Transcribe the entries below word for word, beginning at the line with "House plan exterior: Traditional" and stopping after the line with "Polar Bakery Sled Dogs Rest Number painting"; drop all pictures.

▶ RECORDS SHOWN:
- - - -

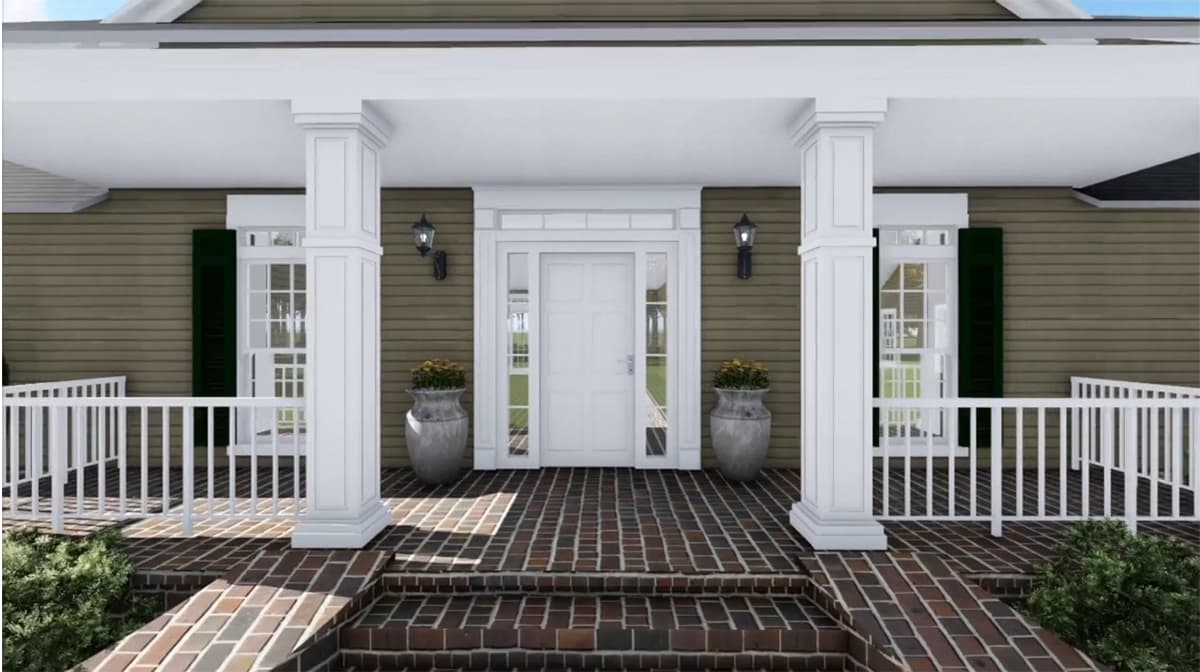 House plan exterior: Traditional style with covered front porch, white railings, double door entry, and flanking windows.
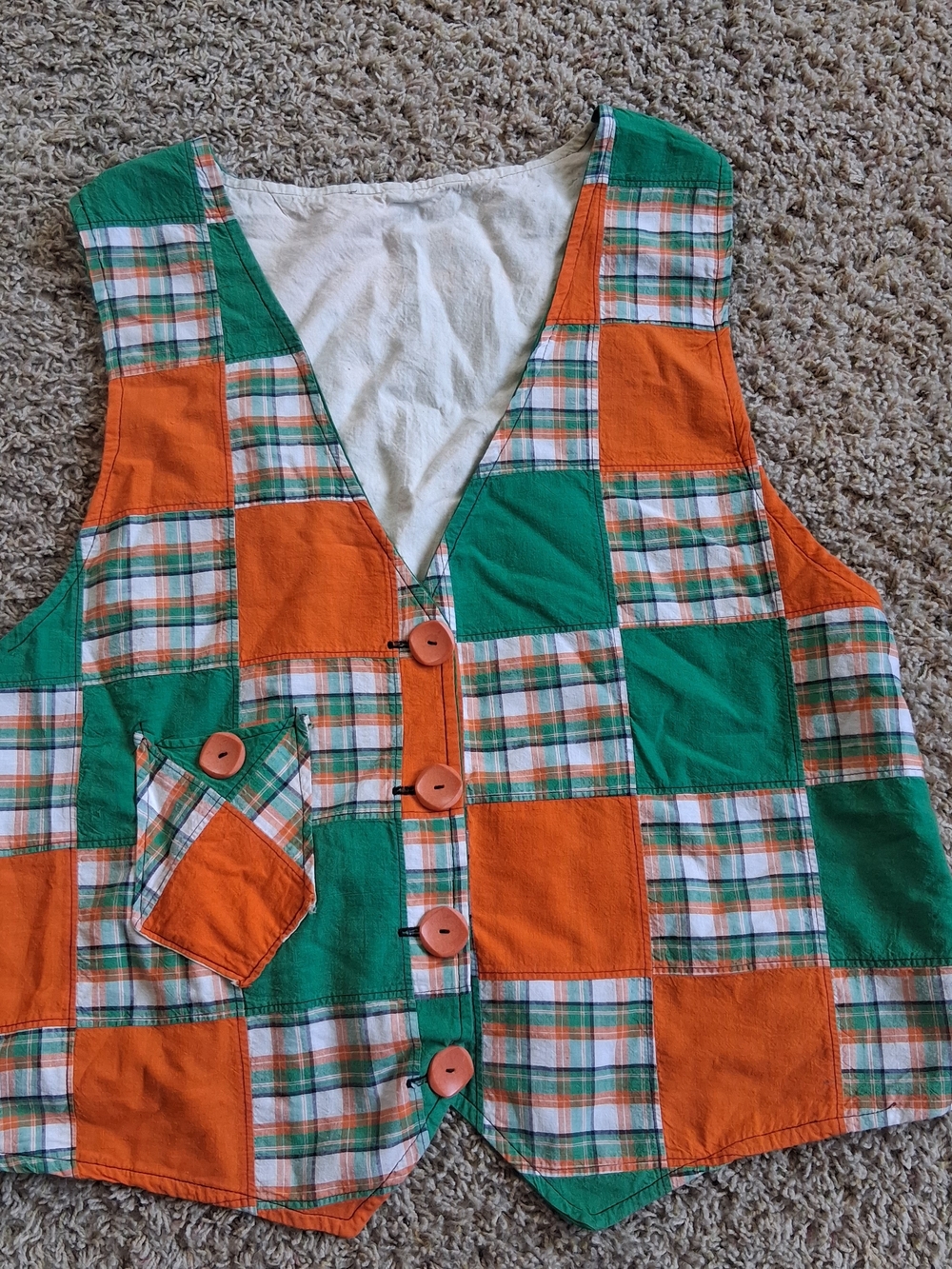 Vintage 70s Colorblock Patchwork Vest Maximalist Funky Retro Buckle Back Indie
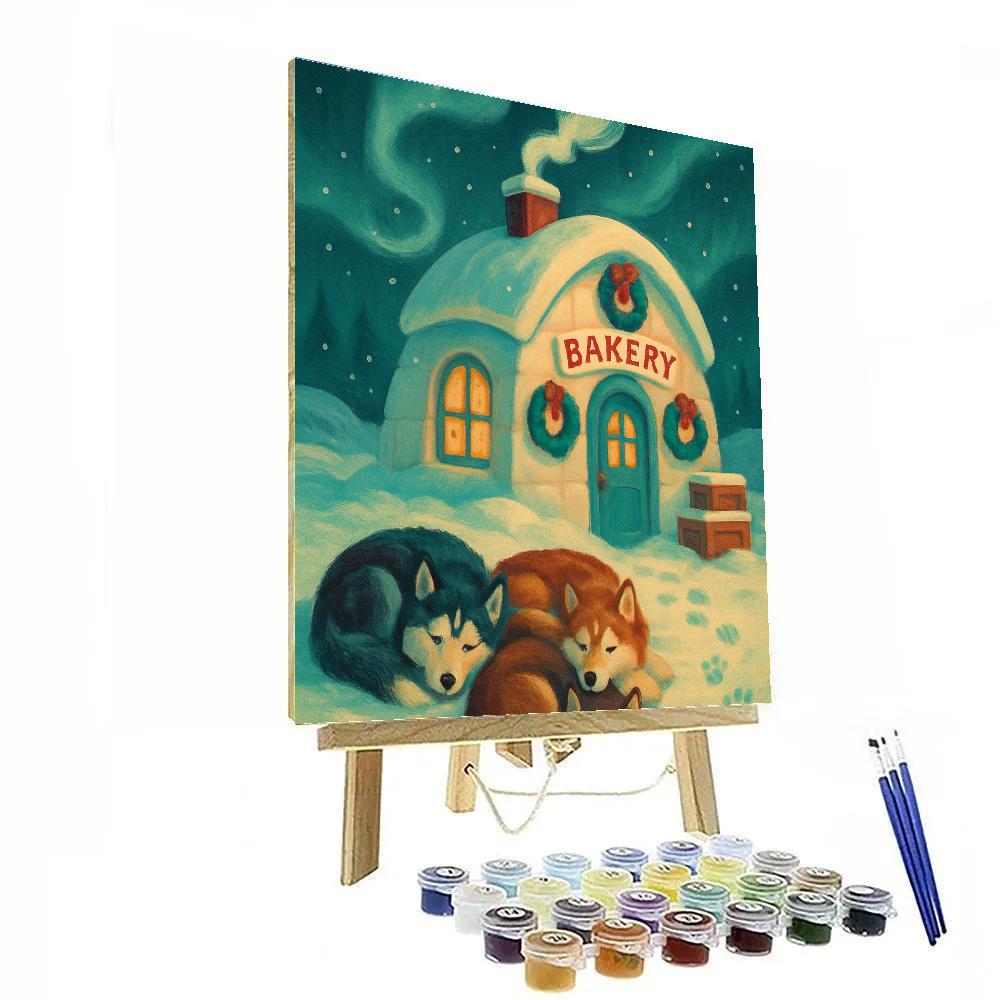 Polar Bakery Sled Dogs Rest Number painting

- - - -

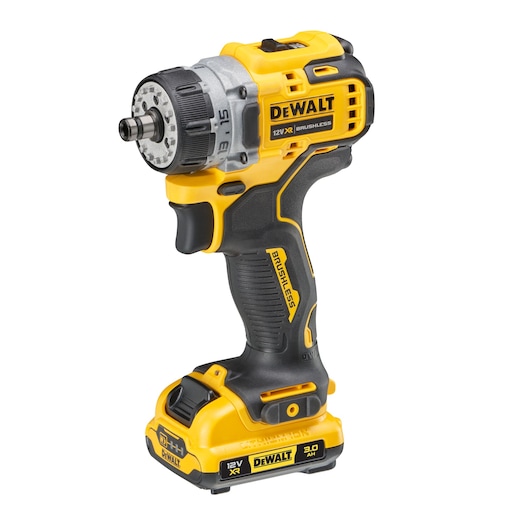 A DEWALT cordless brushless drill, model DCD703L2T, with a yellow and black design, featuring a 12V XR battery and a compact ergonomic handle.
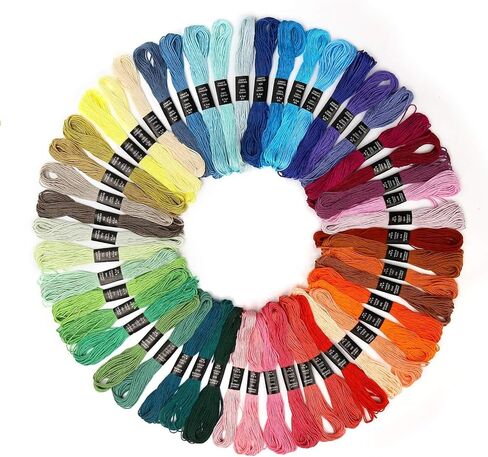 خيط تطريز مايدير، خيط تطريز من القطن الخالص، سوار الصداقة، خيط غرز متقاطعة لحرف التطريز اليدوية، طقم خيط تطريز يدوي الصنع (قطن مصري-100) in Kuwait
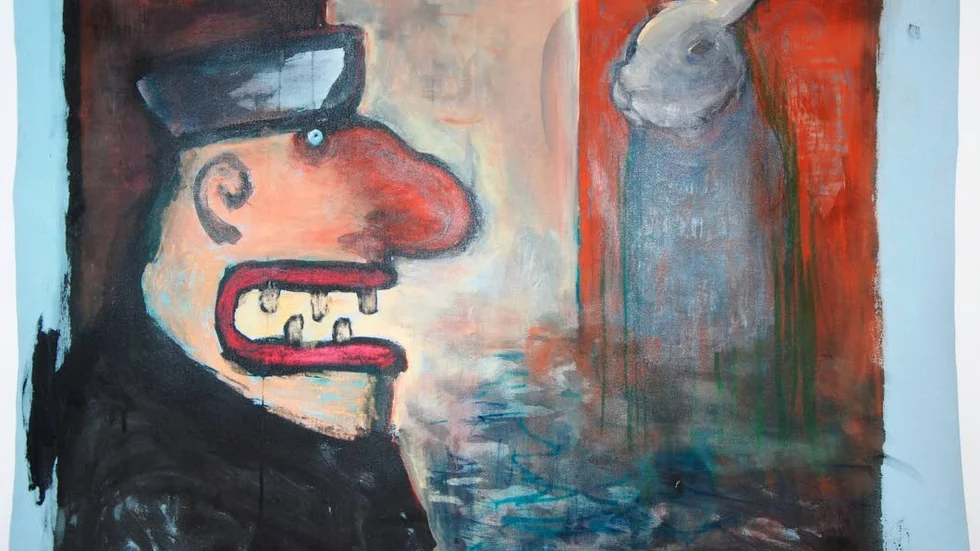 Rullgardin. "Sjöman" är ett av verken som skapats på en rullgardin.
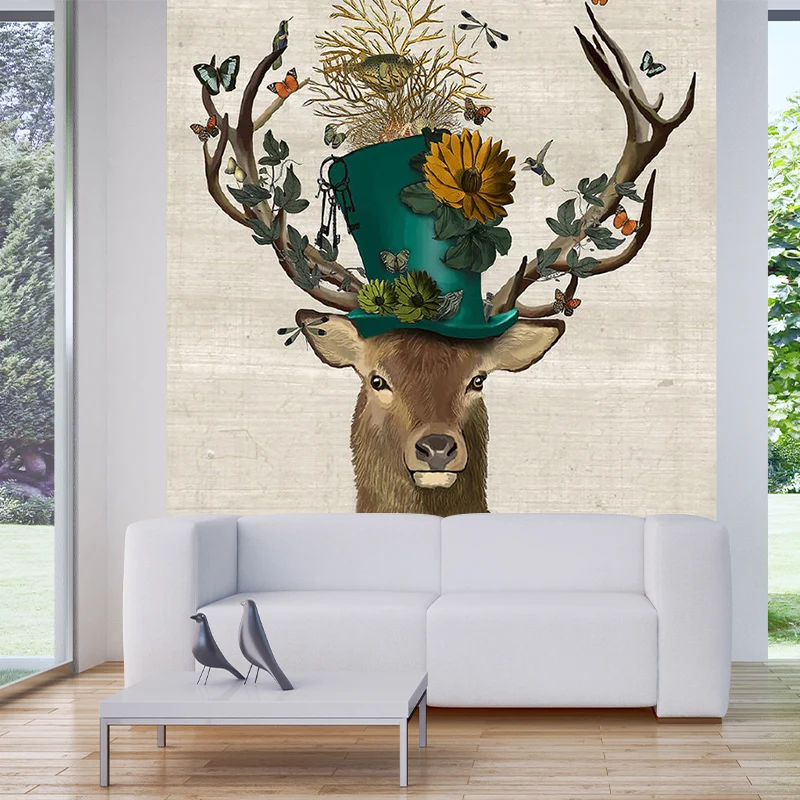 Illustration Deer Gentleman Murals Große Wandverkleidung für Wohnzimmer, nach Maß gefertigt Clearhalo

- - - -

▶ ANSWER SECTION:
 House plan exterior: Traditional style with covered front porch, white railings, double door entry, and flanking windows.
 Vintage 70s Colorblock Patchwork Vest Maximalist Funky Retro Buckle Back Indie
 Polar Bakery Sled Dogs Rest Number painting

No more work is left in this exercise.